Is my device a cyber device? What the FDA guidance actually says.

Alan ParkinsonAlan Parkinson

You're working through the eSTAR. You reach the cybersecurity testing section and find the line that gives every small team a moment of hope: "Alternatively, provide a justification for why particular testing was not performed."

Your device is modest. The only way anything gets in or out is a single USB port, used to load firmware updates and export an operation log onto a memory stick. No Wi-Fi, no network jack, no cloud. It never touches the internet. So the thought forms naturally: surely all this cybersecurity testing isn't meant for us?

It's a fair question, and asking it is the right instinct. Checking whether an obligation actually applies to your device before spending money on it is exactly what a good regulatory adviser will do with you, and the statutory definition looks, at first read, like it might be amenable. So let's take the question seriously and walk it through properly, because the answer is written down, and it's been written down for longer than most people realise.

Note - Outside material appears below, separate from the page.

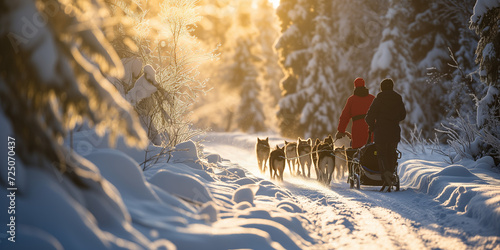 sled dog race at nort tourist atraction photo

What "cyber device" actually means

The term comes from Section 524B of the FD&C Act. A device is a cyber device if it meets three conditions, joined by "and": it includes software validated, installed, or authorised by the sponsor as a device or in a device; it has the ability to connect to the internet; and it has technological characteristics, validated, installed, or authorised by the sponsor, that could be vulnerable to cybersecurity threats.

All three must be true, and that "and" is where the question gets interesting. On a plain reading of the statute, a USB port isn't an internet connection. A device that only ever meets a memory stick, the reasoning goes, fails the second condition, so it's not a cyber device, and the cybersecurity documentation requirements don't apply.

That's a legitimate reading of the words Congress wrote, and working through the three-limb test with your adviser is the right first step for any device. The reason it doesn't end the story is that the FDA has told us, in writing, how it reads limb two.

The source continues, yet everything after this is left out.